Ashli White. Encountering Revolution: Haiti and the Making of the Early Republic.
Baltimore: The Johns Hopkins University Press, 2010.
Ashli White extends the notion of Atlantic History to the Haitian Revolution--but while that perspective (rightly) puts that event into the larger context of the French and American Revolutions, White has a narrower focus--the effect that refugees from the ongoing Haitian conflict had on the new American republic.
The United States received thousands of refugees from Haiti during a period extending, intermittently, over nearly two decades. They consisted of three main groups: whites, free men of color, and enslaved blacks. Although Haiti was a plantation economy, the slaves who came were overwhelmingly the personal servants of the white refugees, or were skilled tradesmen. The exiles collectively challenged Americans nascent sense of nationhood--as a Republic (the exiles were often refugees from the pro-Republican island regime earlier in the conflict), and as a slave-holding Republic.
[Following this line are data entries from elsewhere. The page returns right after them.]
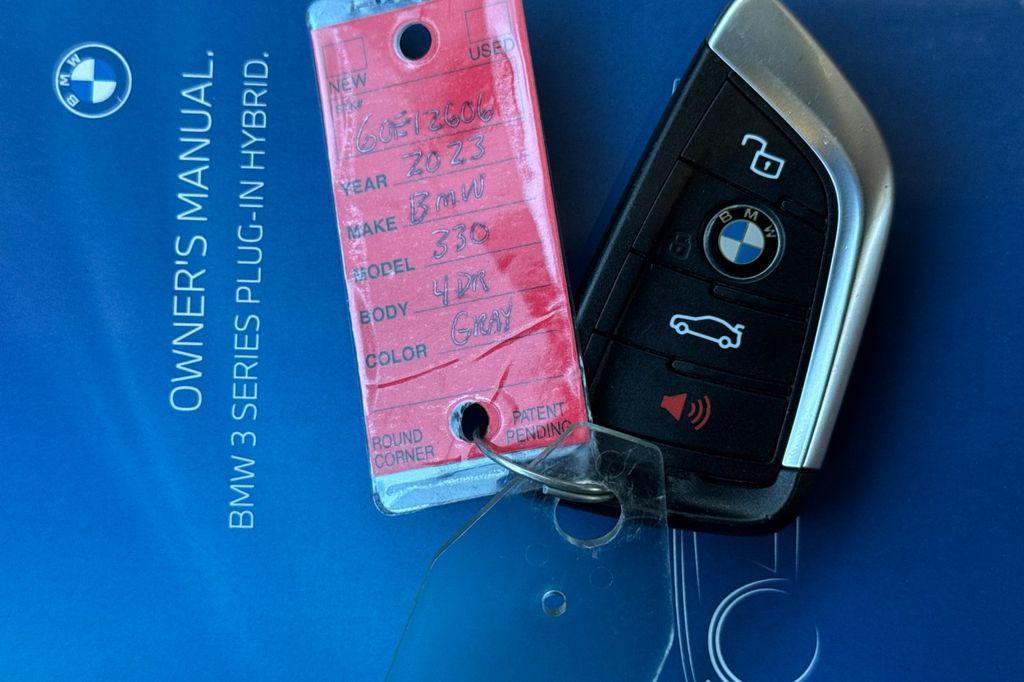 used 2023 BMW 330e car, priced at $27,450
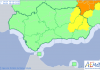 Riesgo de tormentas en Cazorla y Segura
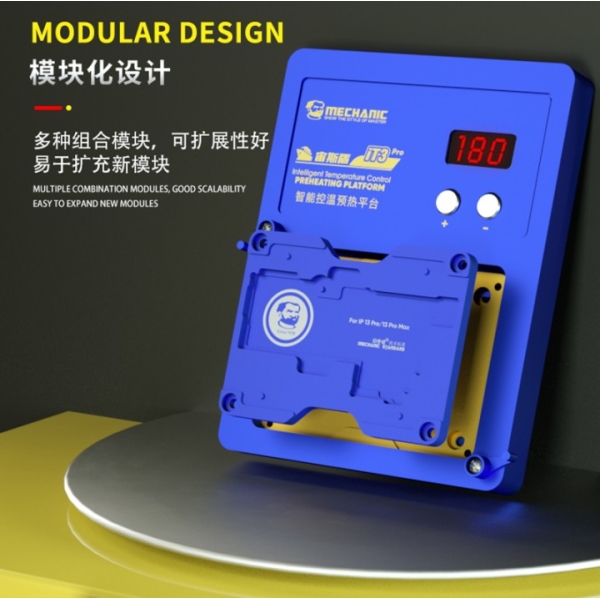 Mechanic iT3 pro Intelligent Preheating Platform For iPhone X-15 PRO MAX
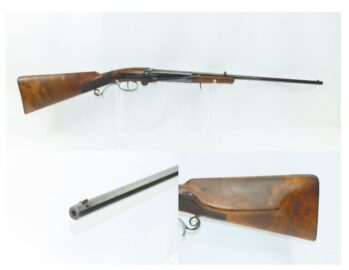 Antique “WIND GUN” 19th Century Side Lever 7mm SHOOTING GALLERY Air Gun Primarily Used for INDOOR TARGET SHOOTING/HUNTING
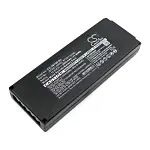 Cattron Theimeg BT081-00053, BT081-00061 remote battery 2Ah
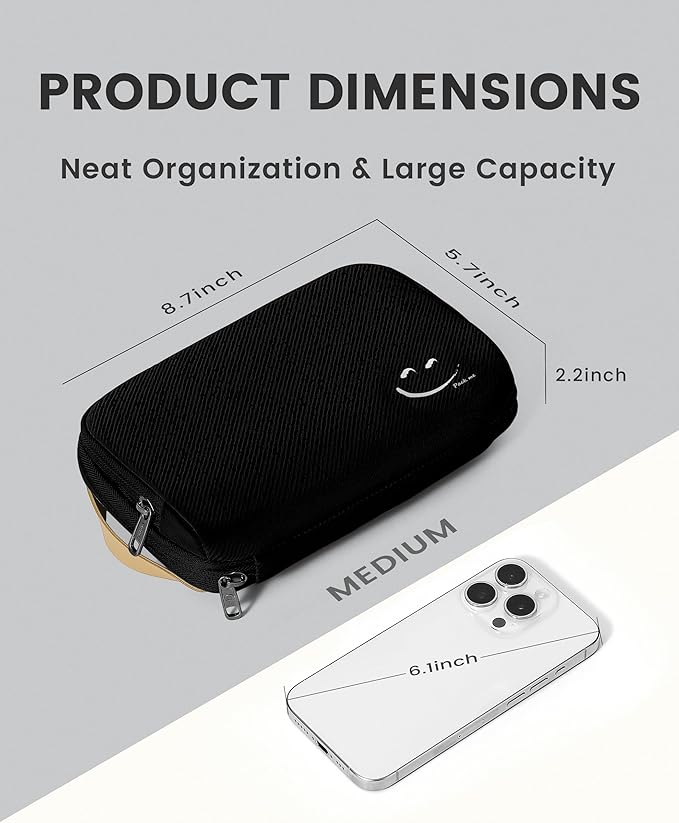Travelkin Travel Cord Organizer, Cable Organizer For Electronic Accessories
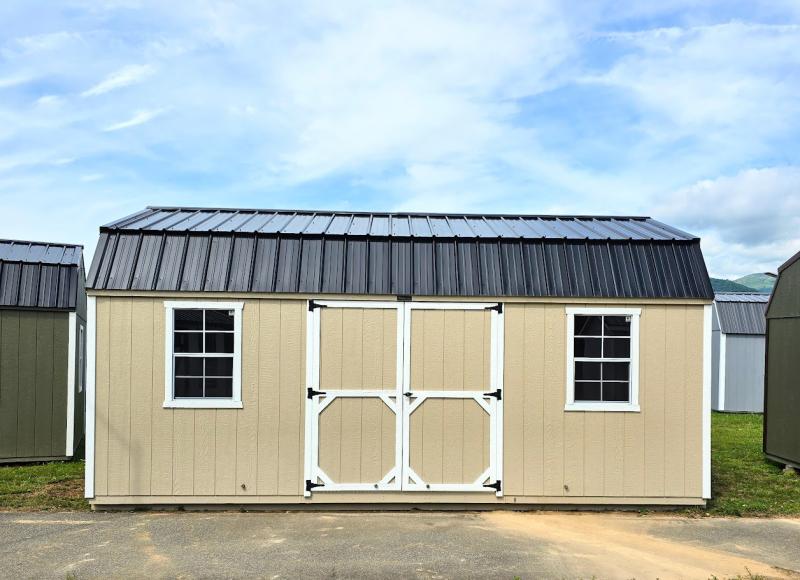 🔥SAVE $796 - 12x20 LOFTED BARN  $7,171 or $283 DOWN & $283/MO -NO CREDIT CHECK - FREE DELIVERY /BLOCKS (50 miles)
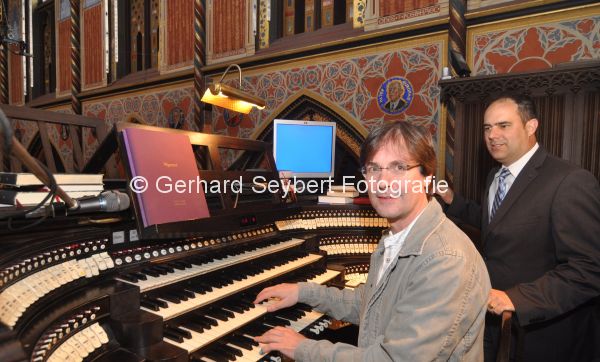 Kevelaer Priesterhaus Kunst-Aktion zur Orgelfinanzierung
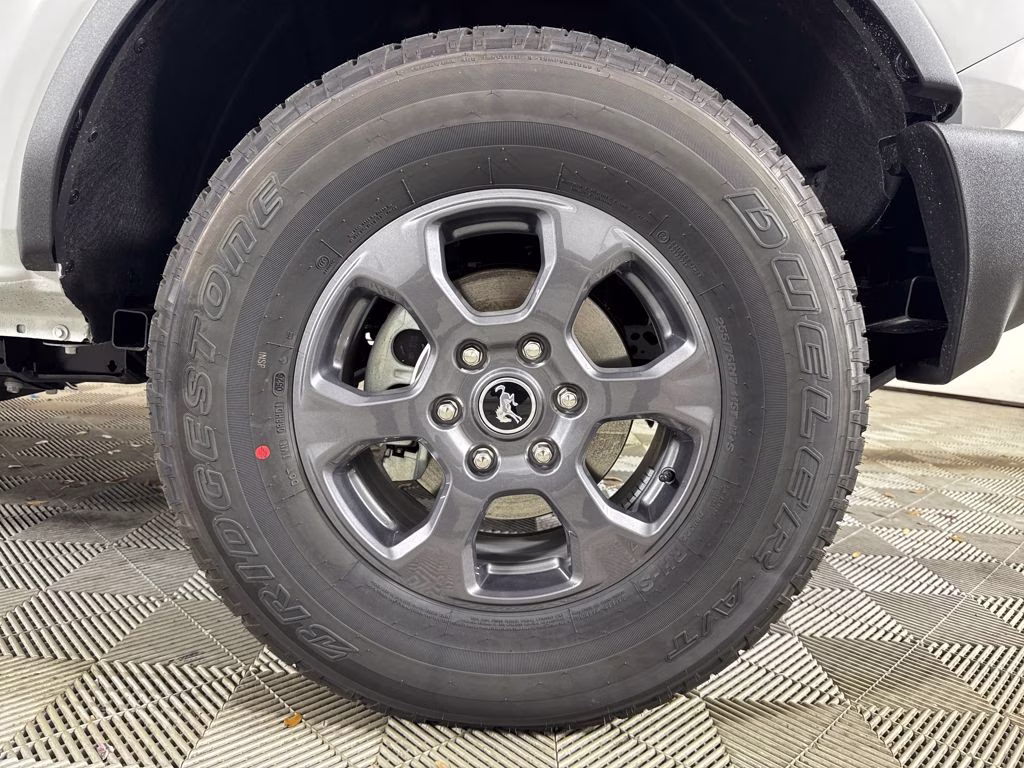 2026 Avalanche Gray Ford Bronco Big Bend 4X4 SUV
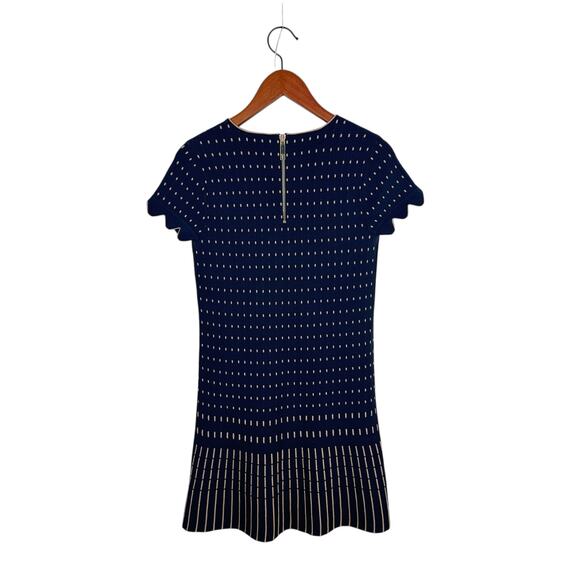Ted Baker Metallic Stitch Knit Dress - Picture 5 of 6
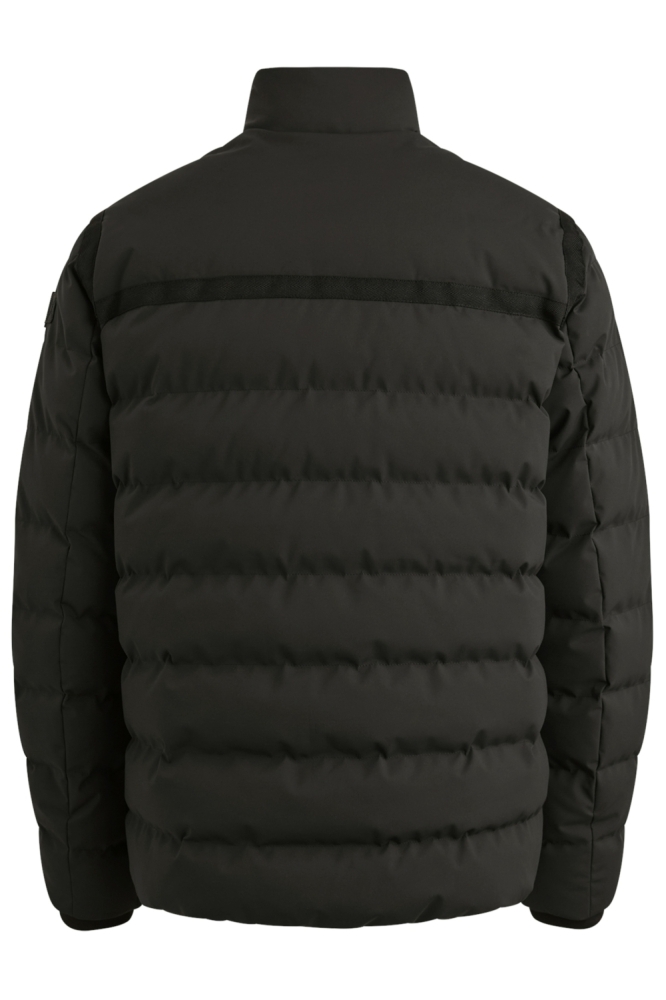 PME legend zwarte heren jas | Achteraanzicht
White traces this rather tightly-circumscribed story well. The presence of Haitian exiles posed an existential challenge to Americans' understanding of themselves--for white Americans, the plight of the white exiles created a tension between the American commitment to trans-national Republicanism, and a race-based slavery system. For black Americans, the Haitian Revolution provided a tangible example of how the language of liberty and revolution was universal.
Ultimately, white America chose race over universal Republicanism. The experience of accepting and assimilating the Haitian refugees resonated for decades, and profoundly influenced the development of early American nationalism.